Sentiva freddo, come se il buio avesse portato con sé l'inverno. Le sembrava che la notte avesse parvenza di vuoto. Avrebbe giurato che, se lei e Francesco avessero allungato le dita verso le stelle, qualcosa li avrebbe risucchiati via.

Ma Francesco stava fermo, lei tremava silenziosamente. Era nervosa, arrabbiata, e, non potendo manifestare le proprie emozioni in presenza di Francesco, si limitava a fremere senza dire nulla. Non era il tipo di persona che tendeva a nascondersi, anzi, avrebbe preferito mille volte scoppiare e distruggere tutto quello che aveva in camera.

Ma c'era Francesco.

Accanto a lei sedeva la persona più buona del mondo, una persona che stava soffrendo nel modo più acuto e soffocante immaginabile.

Eva lo avrebbe abbracciato, gli avrebbe detto che sarebbe andato tutto bene, ma, alla fine, non ci credeva più completamente neanche lei.

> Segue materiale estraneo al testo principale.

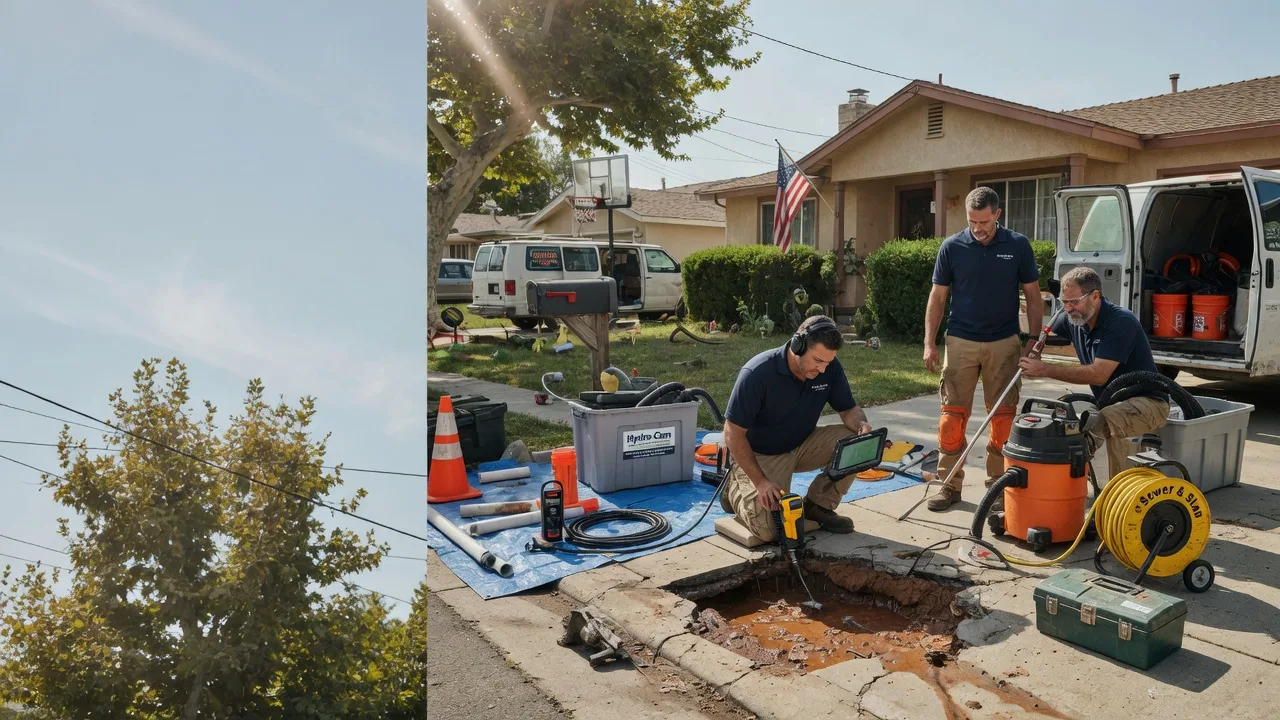 Slab Leak Repair in Oregonia, OH near me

E Francesco non si meritava tutto ciò. Non si meritava false speranze, non si meritava il terrore scaturito dalla sua stessa, piccola, felicità. Francesco non si meritava nulla se non spensieratezza.

E Francesco e la spensieratezza sarebbero sempre stati su due rette parallele.

<Mi sembrava felice quando le avevo detto di Axel. Mi aveva detto "ho aspettato diciassette anni che tu mi parlassi della tua situazione sentimentale" e poi ha mandato tutto a puttane. Mi sembrava che per lei andasse bene, Eva. Ma a lei non va mai bene niente.>

Qualche uccello cantò nella notte  Francesco si sentì come se il buio lo volesse stringere sul suolo, come se le radici degli alberi lo avessero di nuovo legato con la faccia sul terreno umido. Respirava a malapena.

Si chiese se quella fosse frustrazione, l'idea di aver toccato il sole e di essere caduto giù, fino ai luoghi più profondi del mare. Come Icaro.

Si chiese anche se Icaro si fosse sentito colpevole, nel momento in cui si era reso conto di essersi avvicinato troppo al sole. Colpevole di aver osato, di aver tradito la fiducia del padre e di avergli causato il malessere che un figlio non avrebbe mai dovuto scaturire. Arrivò a convincersi che lo sbaglio di Icaro non fosse stato quello di aver ecceduto con l'imprudenza, ma quello di aver provocato un dolore nel padre al quale non avrebbe mai potuto porre rimedio.

Come se davvero Icaro, nel precipitare impetuoso e definitivo verso le onde del mare, non avesse pensato alla morte come cessazione di qualsiasi cosa, ma come impossibilità di chiedere perdono al proprio genitore.